Uma ideia central à investigação-acção, que os pós-modernistas não negam, é a de acção social, mas rejeitam os grandes slogans como o de emancipação do sujeito, por não considerarem a existência de conceitos universais. Pensam ainda que, vivendo numa sociedade virtual como aquela que os mass media nos impõem, à semelhança da que os meios de produção impuseram à Idade Moderna, o real não existe, apenas a sua simulação. Questionam, deste modo, uma série de conceitos essenciais à investigação- acção, bem como qualquer conceptualização que considerem estática, ligada a ela.

Jennings e Graham (1996) esperam que o pós-modernismo levante mais questões que possam revitalizar o processo de investigação-acção, uma vez que o diálogo entre os dois poderá vir a resultar no fortalecer dos aspectos positivos de ambos.

Quer nos inclinemos mais a admitir que a investigação-acção é influenciada pelo pós-modernismo, pela Escola de Frankfurt (Callewaert, 1999), por Aristóteles, Kurt Lewin ou os autores que se lhes seguiram, o certo é que ela se

assume como o tipo de investigação que produz conhecimento a partir da prática, podendo enriquecer campos conceptuais diversos (Lopes da Silva,1996; Stringer, 1999). É uma estratégia ecléctica e transdisciplinar, com as vantagens e desvantagens inerentes a essa condição.

O fim último que a sustenta – a melhoria do ensino-aprendizagem – está presente em qualquer dos macro-tipos, quer se trate de investigação-acção colaborativa, em que as Escolas e Universidades se unem para desenvolver projectos (Elliott, 1990 a; Pollard e Tann, 1987; Zeichner, 1995), quer se trate de investigação-acção feita exclusivamente pelos professores naquele que ficou conhecido por movimento do professor-investigador (Alrichter et al., 1993; Kemmis e McTaggart, 1988; Vieira, 1992). Sendo a Educação uma prática, só os práticos estão em condições de a realizar, devendo ser ela uma componente essencial da prática profissional dos professores (Carr e Kemmis, 1984; Elliott, 1985; Stenhouse, 1975).

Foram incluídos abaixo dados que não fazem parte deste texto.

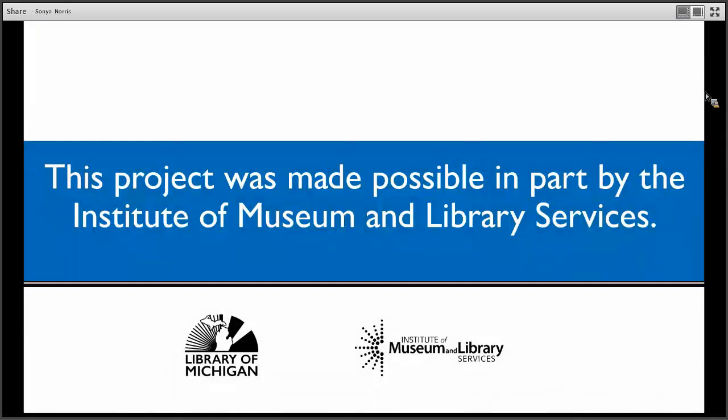That concludes this video on a tour of Michigan PLOWD sites. This project was made possible in part by the Institute of Museum and Library Services. Have a great day.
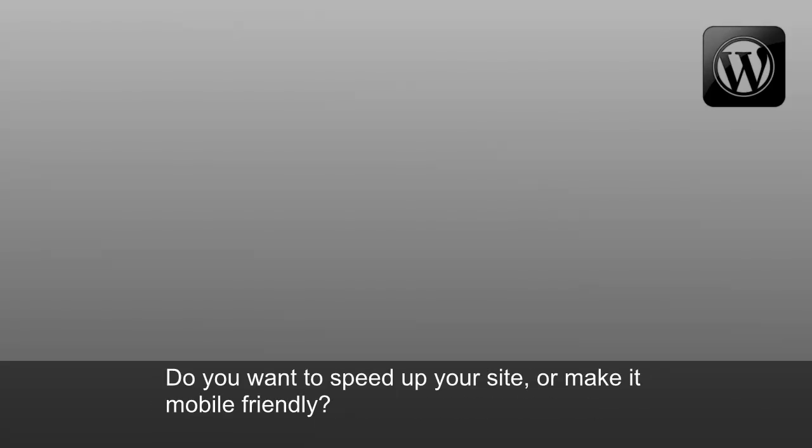Do you want to speed up your site or make it mobile-friendly, but you don't know how?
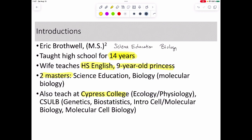I also teach at Long Beach State, where I'm teaching genetics this semester — I've taught it a few times before. I've taught biostats, I've taught lab for intro and cell/molecular, which is kind of the majors version of this class, and this semester I'm also teaching the upper division version of this class.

Apesar dos problemas que a investigação-acção levanta (Reason e Bradbury (2001), das suas contradições e instabilidade, tem sido considerada pelos seus defensores como impulsionadora de mudanças sociais, chegando mesmo a ser comparada a uma utopia.

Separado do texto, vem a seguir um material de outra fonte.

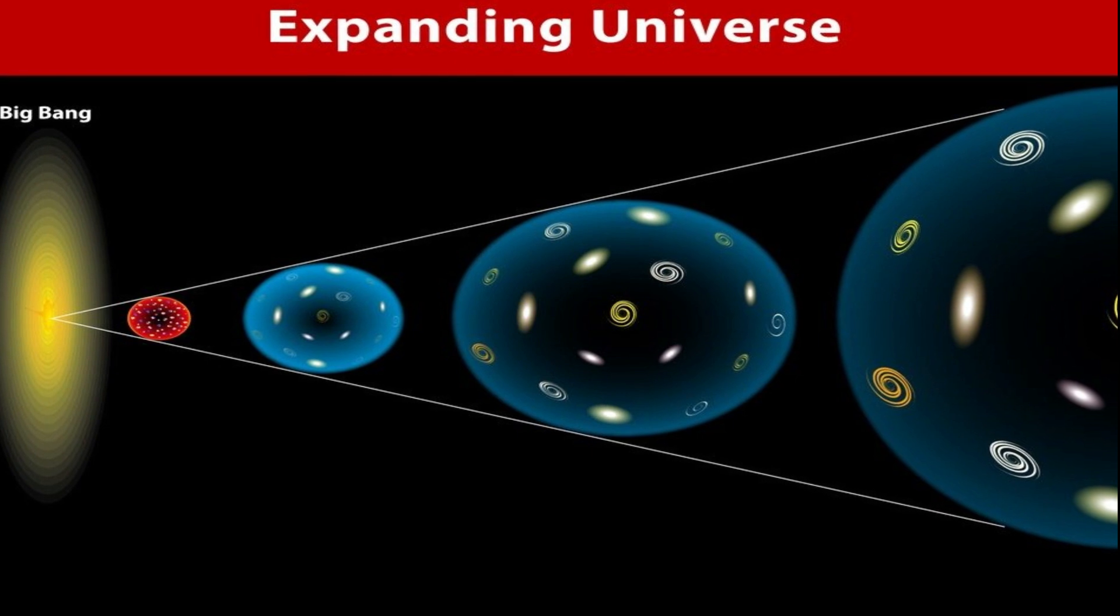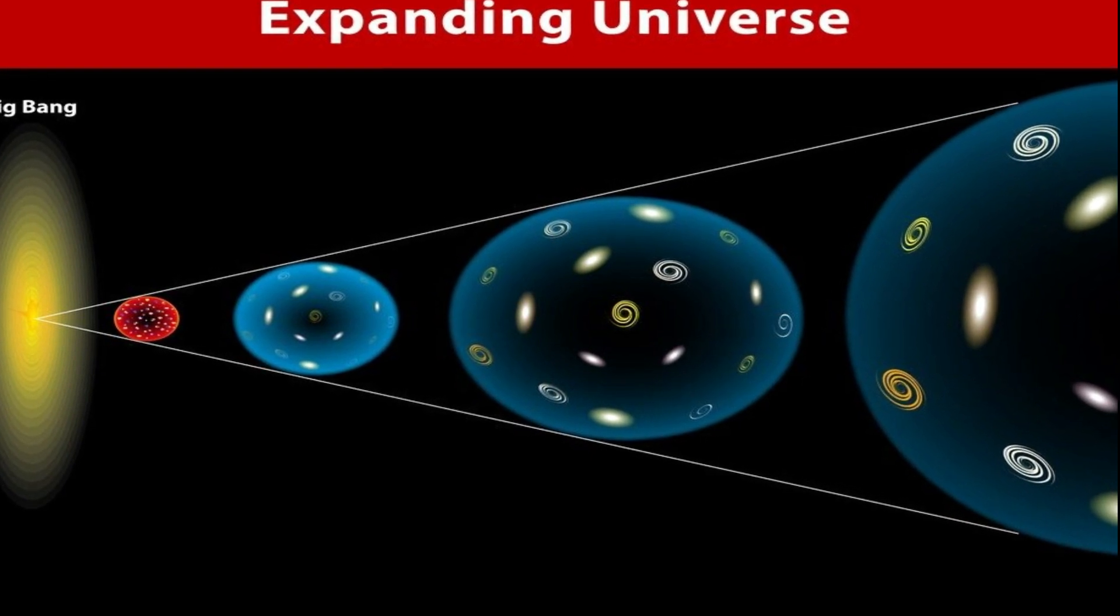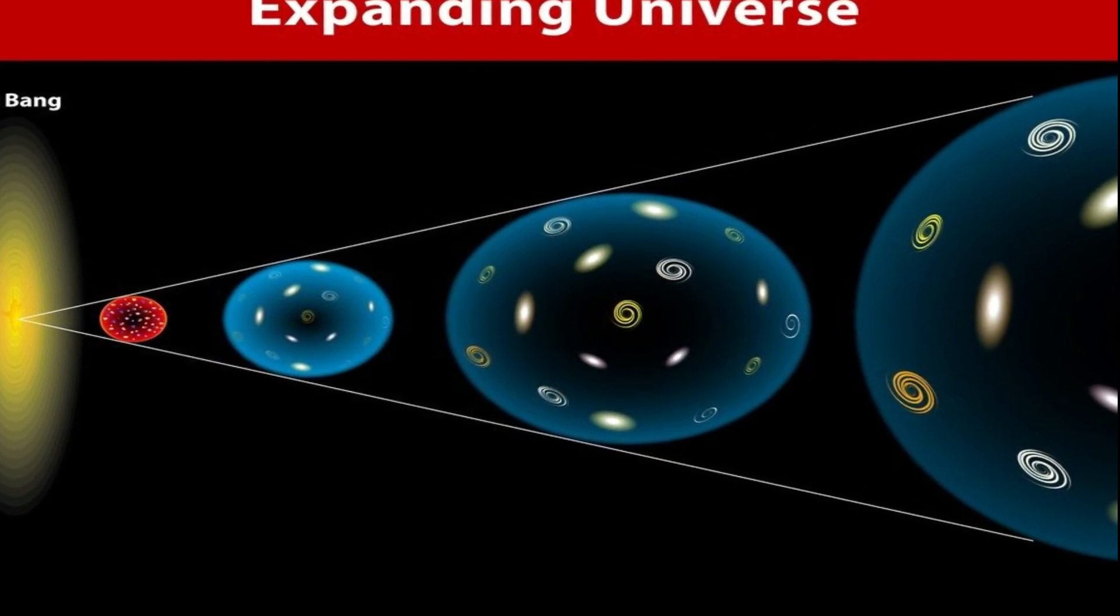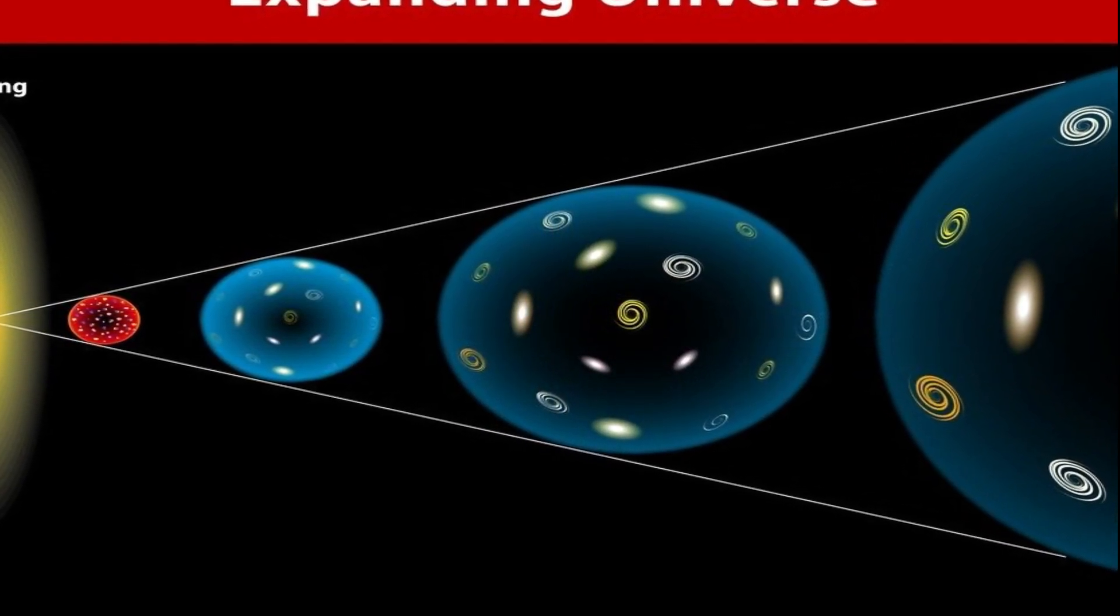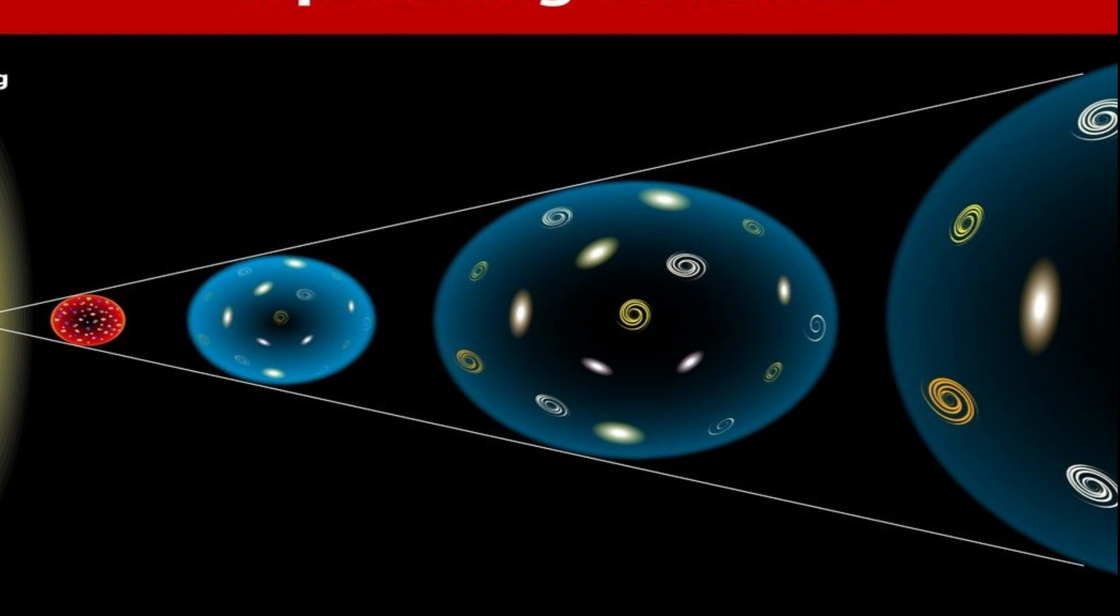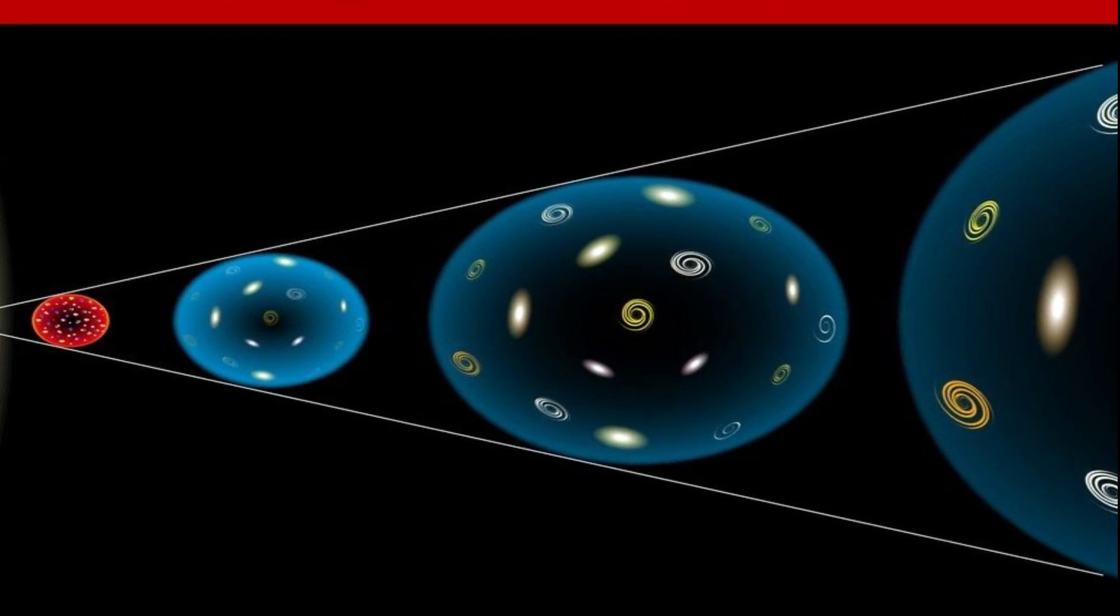The conflict comes down to calculations of the Hubble constant, a number that describes how fast everything in the universe is flying apart.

Os temas que atravessam os discursos sobre a Investigação-acção surgem noutras utopias sociais. Assim, por exemplo, a noção de comunidade e a perspectiva de desenvolvimento, que fundamentam a Investigação-acção, são sem dúvida utópicas, mas têm um sentido de orientação dos processos de mudança. O pensamento utópico é um momento indispensável na mutação social e cultural (Lopes da Silva, 1996, p. 264).